Here we’re using annotations where it clarifies storage, and in one place where it adds nothing really, but could be done.

Tooling

The thing that’s missing for this kind of thing is a robust tool chain:

  • A command line utility like jq that work on MsgPack files.
  • Command line tools for converting between all of these common formats.
  • A browser plugin that makes inspecting MsgPack files super easy.
  • Text editor support for MsgPack.

Hashing

It’s also worth noting that none of the above schemes is independently good for having stable hash values on equivalent structures, to allow for things like authenticity verification, deduplication, indexing, and more.

With MsgPack and other binary formats, it is sufficient, in order to gain such stable hashing, to add two house rules:

  1. A cannonical order of attributes within a map, for example, a lexicographically ordered attribute list.
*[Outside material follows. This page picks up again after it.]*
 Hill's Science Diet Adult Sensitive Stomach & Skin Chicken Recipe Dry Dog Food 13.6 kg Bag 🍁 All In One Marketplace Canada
You can add house rule exceptions to that as you want.
  2. A rule that the smallest valid storage type is always used. The MsgPack standard explicitly states “If an object can be represented in multiple possible output formats, serializers SHOULD use the format which represents the data in the smallest number of bytes”, so perhaps this rule isn’t even necessary as a house rule, as long as your serializer is standards complient.

However, with JSON and XML, because of whitespace characters, and other non-meaningful formatting choices, there is no inherent guarantee that even with additional house rules you will arrive at a stable hashing scheme. This issue has killed at least one secure messaging application I’m familiar with.

Once you have a stable hashing for the overall structure, there is no reason you couldn’t do more complex things, like Merkle trees or what have you.

Conclusion

Stop using display formats for storage and transmission.